Como ya ha dicho Colombo, con _opinar_ (como también, por ejemplo: _creer, pensar_ -verbos de pensamiento) se necesita normalmente el _indicativo_ en afirmativa (aquí yo diría p. ej.: _nos podíamos/podríamos ver_).

De todas formas, casos como el que nos planteas se han presentado en los foros y yo he visto (raramente) en la vida real. No son usos comunes.

Saludos.


----------



## juandiego

Hola Redirie.

I think the problem here is that what the sentence says is not a regular statement of an opinion, as when you say _Creo que..._ or something of the sort. It's rather conveying a wish, something the speaker wants to happen in the future. In a way there's an intermediate omission that solves the apparent lack of consistency between the principal clause and the subordinate clause:
_"Yo *opino que* [estaría bien que / __lo mejor es que__] mañana o el martes nos *vayamos* por un café o una chela"_.

As an aside note, it's seems strange to me the pronominal form usage of the verb _ir_ in that context; even the very verb _ir_ usage seems also a bit strange (perhaps a regional usage).


----------



## blasita

Hola Juan:

Me parece estupendo tu aporte. Sí que podría ser tranquilamente lo que dices. Aunque tal cual está la frase no me suena bien. Pero este es solo mi uso.

Saludos.


----------



## juandiego

blasita said:


> Hola Juan:
> Aunque tal cual está la frase no me suena bien. Pero este es solo mi uso.
> Saludos.


Hola blasita.
Bueno, lo de la elipsis es relativo, bien podría ser el auténtico valor de ese _opino que_.
 Me imagino un contexto similar al siguiente:
_—¿Qué opinas de lo de ir a la fiesta de mañana?
—Opino que vayamos_.
 No creo que se pueda resolver la subordinada con indicativo.
Lo que, diría, ocurre es que el _que vayamos_ no es una opinión en toda regla, sino más bien lo que se quiere que pase o se exhorta a que se haga, por esto mi recurso de buscar un elemento intermedio que haga coherente una auténtica opinión con un deseo para el futuro: _Opinar que está bien que *ocurra* algo_.


----------



## blasita

Gracias, Juan. Como siempre, estupendos comentarios.

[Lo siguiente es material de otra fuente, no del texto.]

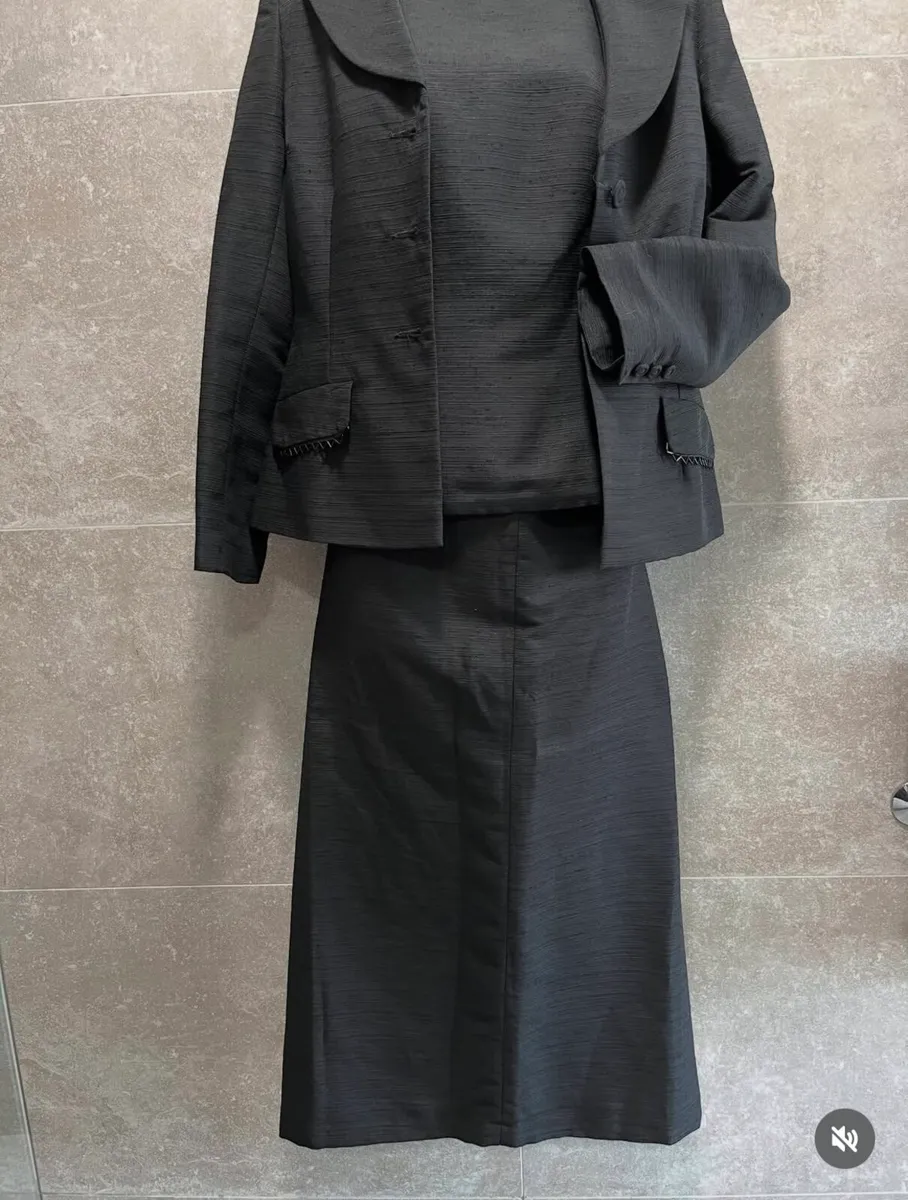Ladies suit - Image 2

Estoy de acuerdo con lo que dices. En ese caso en particular yo lo veo también como si dijéramos: _Sugiero/Propongo que vayamos. Opino que estaría bien que fuéramos_.

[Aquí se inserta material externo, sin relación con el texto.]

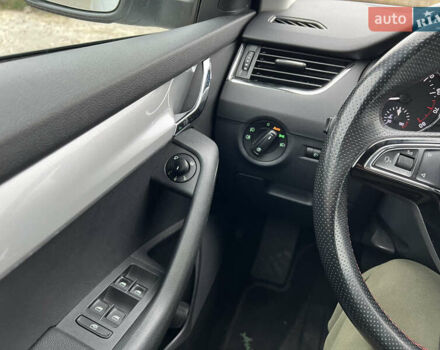 Білий Шкода Октавія, об'ємом двигуна 1.8 л та пробігом 182 тис. км за 10800 $, фото 13 на Automoto.ua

Sin embargo, en la frase original (sin contexto alguno) yo diría normalmente: _Opino que podríamos/deberíamos/estaría bien_, etc. _ir_ ... (algo de esto comenté ya en mi primer comentario), pero el 'problema' además es que yo no entiendo bien del todo lo que se quiere expresar con eso de 'nos vayamos' en este contexto (tú también lo comentaste en uno de tus mensajes).


----------



## swift

A veces el hablante siente que debe atenuar la solidez de sus argumentaciones. Es una estrategia del idioma. Se puede comparar a alguien que se quiere acercar a una salida para alejarse de un peligro: si da dos pasos adelante, procurará protegerse echándose hacia atrás o cubriéndose con algo. También se puede imaginar a un boxeador que asesta dos golpes mientras se cubre el rostro con la otra mano. Algo así sucede cuando empezamos una afirmación con verbos de afirmación fuerte como 'opinar': como es tomar partido en algo, quizás nuestra reacción natural sea suavizar un poco nuestra asertividad. De ahí el subjuntivo en este caso.


----------



## Peterdg

Muy interesantes los comentarios. Sólo puedo dar una opinión como extranjero, basado en lo que oigo, leo y observo.

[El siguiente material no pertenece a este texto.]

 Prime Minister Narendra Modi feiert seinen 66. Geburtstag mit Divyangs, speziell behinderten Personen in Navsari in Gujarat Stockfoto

En el español peninsular, normalmente sería con alguna forma del indicativo/condicional, como ya lo indicó blasita. Sin embargo, como ya lo comentó juandiego, no es imposible encontrar contextos en los que sería aceptable el subjuntivo, sobre todo si el "opinar" no es un mero "opinar": hay que añadir un matiz y también creo que sería posible con una réplica contextual (pero no me pidáis un ejemplo porque me falta la inspiración hoy (el calor)). 

Pero también el comentario de Swift es muy interesante porque afirma lo que sospecho (y ya lo he comentado algunas veces en el foro): en el español peninsular, la oposición subjuntivo/indicativo es más una cuestión de sintaxis mientras que en América Latina es la semántica que desempeña un mayor papel. Lo observo sobre todo en el español mexicano pero también de otras regiones de AL. (Un ejemplo clásico es el uso, casi sistemático, del subjuntivo (imperfecto) después de "después de que" en el español peninsular mientras que en AL se utiliza un indicativo cuando se refiere al pasado. Al revés; el uso del subjuntivo en AL después de un "si partitivo" (no sé si venga) que, en España, sería muy raro).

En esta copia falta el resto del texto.